O prêmio atribuído a Maria Valéria Rezende foi inesperado, já que a crítica apostava no retorno de antigos vencedores do Jabuti, especialmente Cristóvão Tezza e Chico Buarque, que não ficaram nem entre os três primeiros colocados. O segundo colocado foi João Anzanello Carrascoza, por Caderno de um Ausente, e o terceiro foi Evandro Affonso Ferreira, por Os Piores Anos da Minha Vida Foram Todos.

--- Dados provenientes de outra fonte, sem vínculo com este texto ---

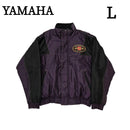 Yamaha Nylon Jackets L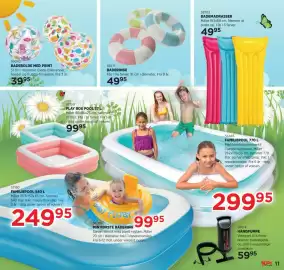KiDS Coolshop katalog Side 11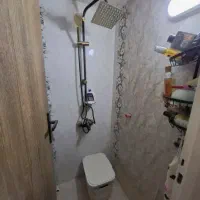 جوادیه - ۴۸ متر - تک خواب|اجارهٔ آپارتمان|تهران, جوادیه|دیوار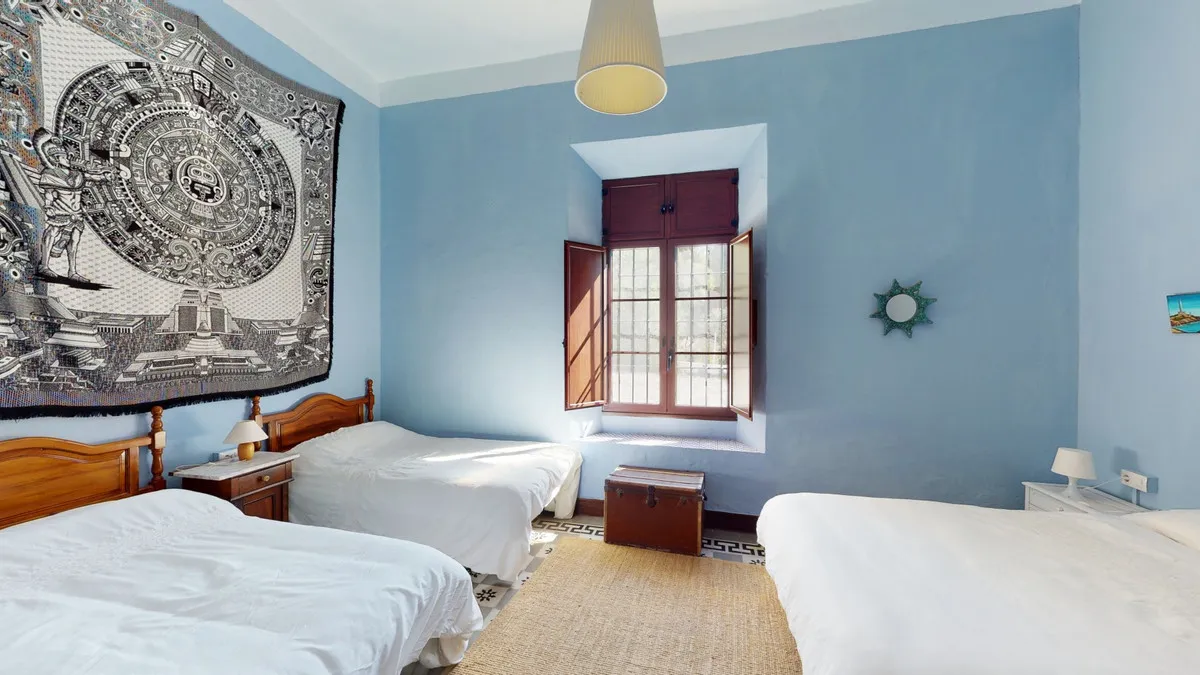 eecc8db1-23ec-4086-9ad9-a434edee647a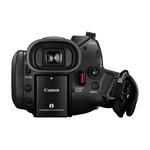 Видеокамера Canon XA65 Professional UHD 4K, черный - фото 5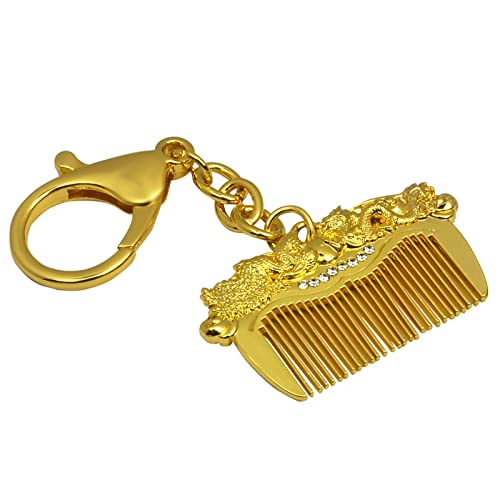  ƕs  Mtg vwp nbs[}bW  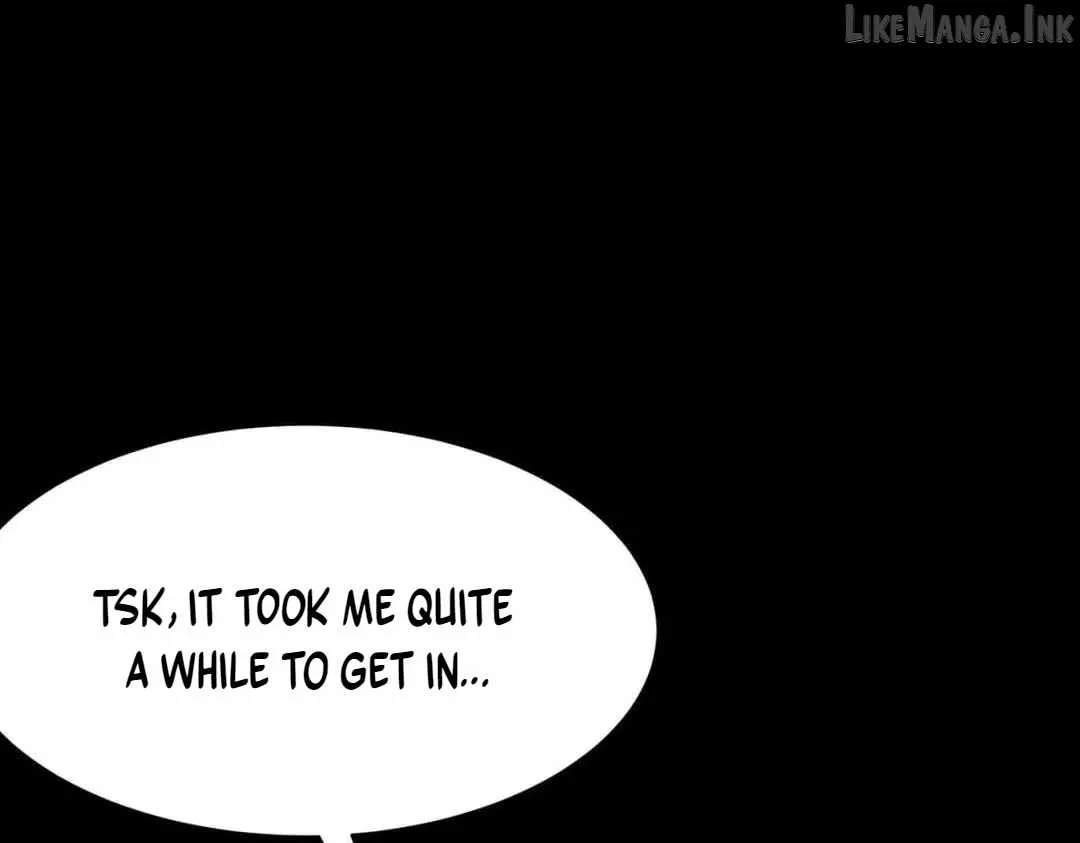 After the School Belle Dumped Me, I Became a Martial Arts God Chapter 112 page 144
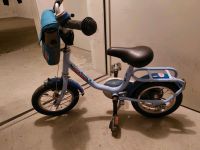 Puky Fahrrad Kinderfahrrad Sachsen - Beucha Vorschau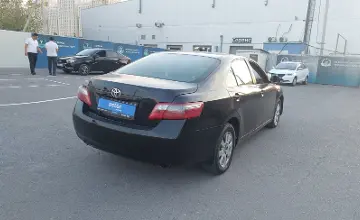 Toyota Camry 2007 года за 5 000 000 тг. в Шымкент фото 3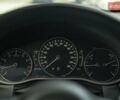 Серый Мазда CX-30, объемом двигателя 2.5 л и пробегом 34 тыс. км за 24500 $, фото 35 на Automoto.ua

Uma mulher também venceu o primeiro prémio na categoria Contos e Crónicas, com Sem Vista Para o Mar - Contos de Fuga, de Carol Rodrigues. Luiz Carlos Mello foi o premiado na categoria Biografia, por Luís Carlos Prestes - Um revolucionário Entre Dois Mundos, de Daniel Aarão Reis. Corpo de Festim, de Alexandre Guarnieri, foi escolhido o melhor livro de Poesia.